Referência para as mulheres negras
Com o sucesso na internet, Ana Paula Xongani foi convidada para apresentar o “Se essa roupa fosse minha”, um programa de consumo de moda consciente, ao lado de Giovanna Nader, Marina Franco e André Carvalhal. A série estreou em agosto e teve 13 episódios.
— Nunca achei que fosse possível esse lugar, onde eu estou falando da minha potência enquanto criadora de moda, produtora de moda, artesã. Sempre sonhei muito, mas trabalhar na TV foi acima do que eu sonhei — comemora. — Eu estava encantada por tudo e todas as profissões. Colei em cada uma das 40 pessoas que estavam trabalhando no set para aprender com elas.
A mãe fechou a loja durante os dias de gravação e a acompanhou, o que para Ana Paula foi muito importante, inclusive porque as duas eram as únicas pessoas negras ali.
— Fazer a série me deu ânimo. Eu falei: “Eu também sou desse lugar.” Eu me senti bem, confortável, boa, segura — diz. — Minha mãe chorava muito.
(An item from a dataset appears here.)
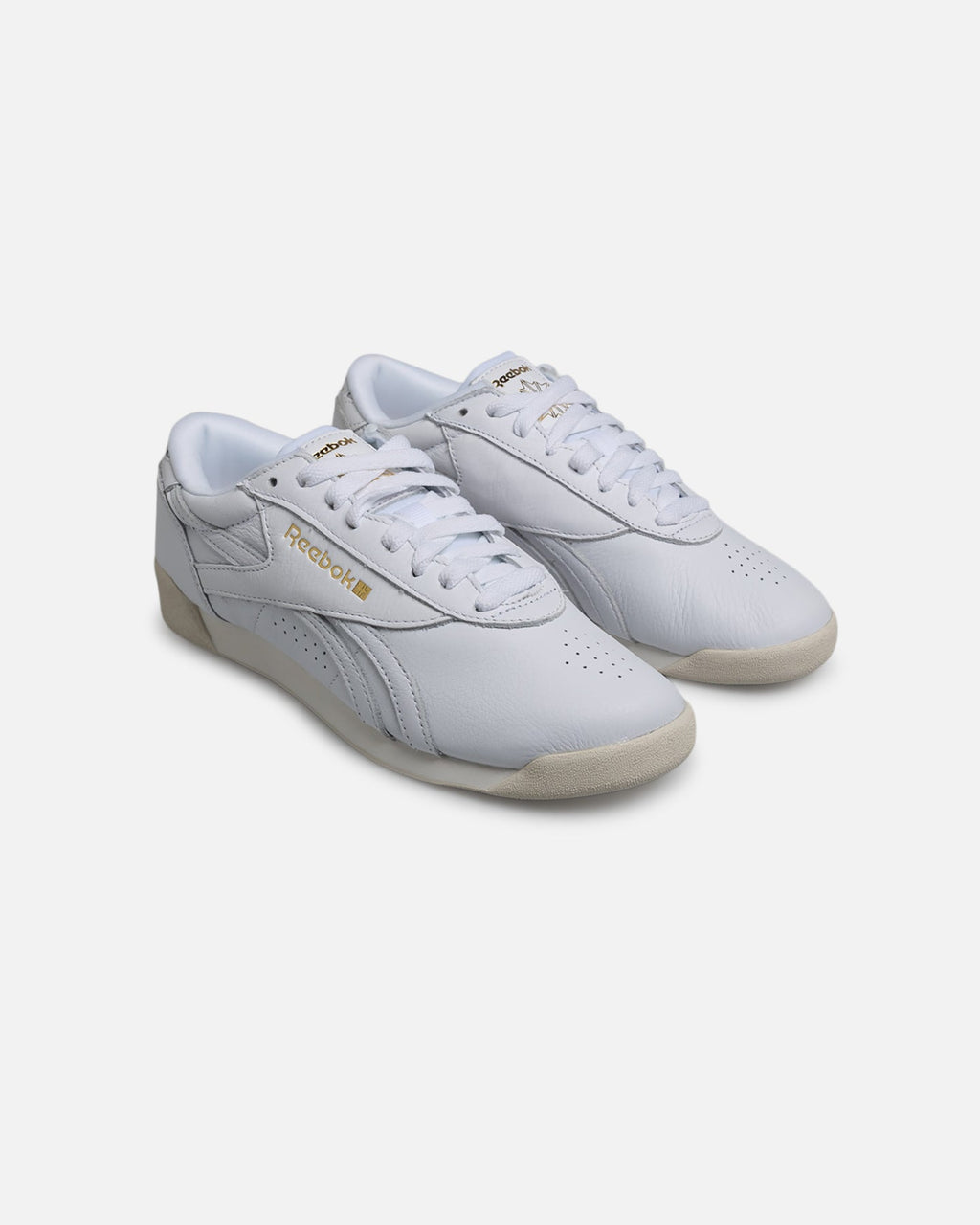 REEBOK Reebok Women's Freestyle Lo Chalk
Ela falava: “Por que eu não levei você para a TV antes? Você é muito boa.” Eu dizia: “Mãe, foi no tempo certo.” No fundo, eu sempre quis isso. Mas meu teto de sonho dizia: “Calma, TV também já é demais.” Porque, por mais que eu ache que o trabalho da internet e o da televisão mereçam o mesmo respeito, na TV as pessoas ainda são selecionadas. Ela ainda é um lugar muito elitizado — analisa.
Hoje, aos 32 anos, Ana Paula Xongani é uma referência, sobretudo para mulheres negras. Para a atriz Taís Araújo, ter alguém fazendo o trabalho que a influenciadora realiza hoje é importante.
— A presença na Ana Paula falando sobre moda e comportamento é fundamental. Aprendo muito com ela, além de me identificar com muitos assuntos — comenta.
A também influenciadora Maíra Azevedo, a Tia Má, observa que Ana Paula tem uma formação pautada na coletividade e fala por um grupo que ainda carece muito de representatividade.
— Mulheres pretas retintas sempre foram, e ainda são, apagadas dos espaços de poder, e nunca foram associadas à beleza. Xongani faz parte de um grupo que vem trabalhando isso muito bem nas redes sociais e na televisão. Ela é necessária — analisa.